3. Stellar Reviews from Movie Critics
The marketing team had taken advantage of the Marvel superheroes’ fan base. Reviews and reactions (whether good or bad) from movie critics like New York Times’ A.O. Scott, Rotten Tomatoes and trusted sites helped in making the movie reach out to its supporters more.
The reality is there are a number of people out there waiting to hear about what these critics had to say about a movie before they decide to watch one. Responses from the fans would move the momentum forward and drive the buzz rolling like a snowball. Then again, comments from “real people” who you know are not paid to say good things about the movie would eventually turn you up to purchasing a ticket for yourself.
Bottom Line: Reviews are often very helpful mainly because they give you the perspective of the consumer, which merely breaks down to: “is it nicely worth my time and cash.” When your products/services receive reviews and real testimonies from its current users, other people would get pulled in to also using or experiencing the same and see it for themselves.
4. All-out Marketing
They combined conventional promotions through TV, conventions, posters and the trailer in movie houses with a lot of modern advertising and sharing on Facebook, Twitter, MySpace and other social networking sites and online communities.
When people all over the webosphere start mentioning how amazing the movie, no matter what critics say, they are going to see it, hence the movie would more likely to result in Box Office gold.
Bottom Line: Give all your best in whatever you do. Go to all possible outlets to spread what you can do and what you can offer to the public and make sure you reach out to the right people. In business, the best Martketing strategy is to draw highly targeted motivated prospects into your sphere of influence. Have a hold of your customers’ pulses and first identify their needs then to cater to them effectively and efficiently.
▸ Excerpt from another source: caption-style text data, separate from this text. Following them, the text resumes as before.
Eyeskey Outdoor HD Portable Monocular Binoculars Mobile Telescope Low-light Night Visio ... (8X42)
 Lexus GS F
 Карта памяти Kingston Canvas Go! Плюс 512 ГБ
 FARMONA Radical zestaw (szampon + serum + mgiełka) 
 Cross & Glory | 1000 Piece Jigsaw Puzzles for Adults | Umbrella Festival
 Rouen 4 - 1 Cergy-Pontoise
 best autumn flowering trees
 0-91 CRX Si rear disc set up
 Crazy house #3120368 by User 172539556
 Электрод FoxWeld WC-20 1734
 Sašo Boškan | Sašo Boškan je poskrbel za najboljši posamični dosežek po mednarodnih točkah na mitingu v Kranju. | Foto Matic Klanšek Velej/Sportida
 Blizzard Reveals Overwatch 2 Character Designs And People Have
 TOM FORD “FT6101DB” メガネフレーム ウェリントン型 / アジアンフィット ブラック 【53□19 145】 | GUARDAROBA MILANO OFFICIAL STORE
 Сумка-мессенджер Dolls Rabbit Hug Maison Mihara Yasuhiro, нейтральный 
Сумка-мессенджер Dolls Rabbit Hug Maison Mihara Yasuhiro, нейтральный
5. Inter-generational Appeal
The characters in the Avengers are made up of branded superheroes who had been there in comic books arena for so long a time that covers the baby boomers’ generation until the present-day generation. As a result, the movie would appeal as it could spark common language thereby bridging generation gaps and making these people share common experiences together. The target market is expanded as well ranging from comic book readers, video game players, toy collectors, to traditional 2D movie watchers and the new 3D movie enthusiasts.
Bottom Line: If right now you’re focused on one generation as your main consumer and sales and reactions of these customers become stable and progressive, it would be better if you can shift this concentration and think of ways on how your products or services can be also of good use for multiple generations to come. Explore ways on how to diversify your market if you have established a solid customer base and profiling to expand your market ten times over.
The Avengers had superbly avenged their movie as it topped the list of the highest earning movies a week after its opening date (approximately $641.8 million). Thanks to the culmination of great marketing efforts behind, The Avengers movie is what we call a true success.